III. Der Geschäftswert für das Rechtsbeschwerdeverfahren wird auf 8.900 EUR festgesetzt.
Tatbestand
I.
Die Antragstellerin und die Antragsgegner sind die Wohnungseigentümer einer Wohnanlage, die von dem weiteren Beteiligten verwaltet wird.
In der Eigentümerversammlung vom 27.10.1999 beschlossen die Wohnungseigentümer mehrheitlich gegen die Stimmen der Antragstellerin, daß die vorhandene Heizungsanlage von Öl auf Gas umgestellt wird und die Kosten aus der Rücklage bezahlt werden.
Die Antragstellerin hat fristgerecht beantragt, diesen Beschluß für ungültig zu erklären.
Die Niederschrift einer weiteren Eigentümerversammlung vom 7.6.2000 weist als Tagesordnungspunkt (TOP) 8 „Besprechung und Beschlußfassung Sache WEG ./. (Antragstellerin)” aus und hält fest:
Die Wohnungseigentümer (außer der Antragstellerin) bleiben bei ihrem einstimmigen Beschluß der außerordentlichen Eigentümerversammlung vom 27. Oktober 1999 und bestehen auf der Umstellung der Heizung von Öl auf Gasbefeuerung.
(Antragstellerin) erklärt, daß sie die Klage weiterführen läßt.
In der Niederschrift einer weiteren Eigentümerversammlung vom 24.10.2000, bei der 849,364/1000 Miteigentumsanteile anwesend oder vertreten waren, ist schließlich unter TOP 2 (Beschlußfassung weiteres Vorgehen Rechtsstreit WEG ./. Antragstellerin) protokolliert:
- Nach längerer Diskussion zwischen den anwesenden Wohnungseigentümern und (Antragstellerin) ist (Antragstellerin) mit der Umstellung auf Gasheizung einverstanden. (Antragstellerin) zieht ihre Klage zurück.
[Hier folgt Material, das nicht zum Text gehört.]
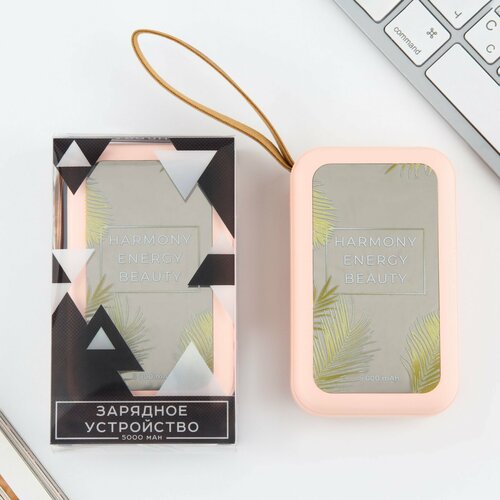Зарядное устройство Harmony 5000мА мод PB-02 104 х 64 см 2351₽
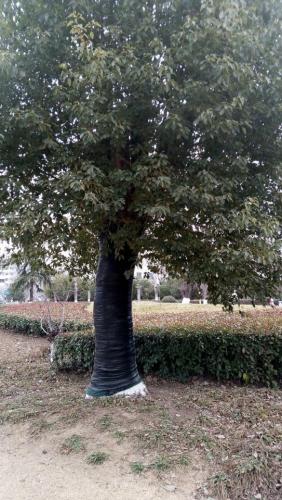 人民公园旅行图片 1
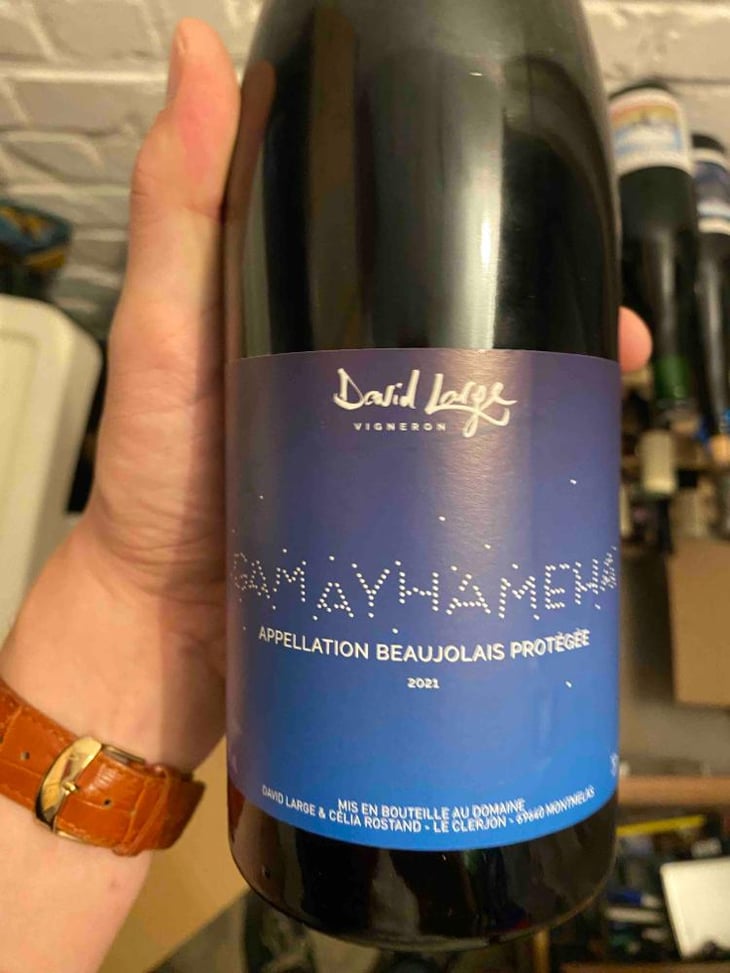 Gamayhameha - David Large - Célia Rostand et David Large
Damit sind alle Wohnungseigentümer einstimmig für die Umstellung auf Gasheizung.
Die Wohnungseigentümer schließen mit (Antragstellerin) einen Vergleich. Die Gerichtskosten für die erste Instanz über DM ca. … übernimmt die Eigentümergemeinschaft. Die Gerichtskosten für die zweite Instanz über ca. DM … übernimmt (Antragstellerin).
(Antragstellerin) verläßt danach die Versammlung.
- Die anwesenden Wohnungseigentümer beschließen in Abwesenheit von (Antragstellerin) einstimmig: Für den Fall, daß (Antragstellerin) diese Zustimmung widerrufen sollte, soll ein Sachverständiger bestellt werden, der klären soll, ob eine modernisierende Instandhaltung gegeben ist oder nicht.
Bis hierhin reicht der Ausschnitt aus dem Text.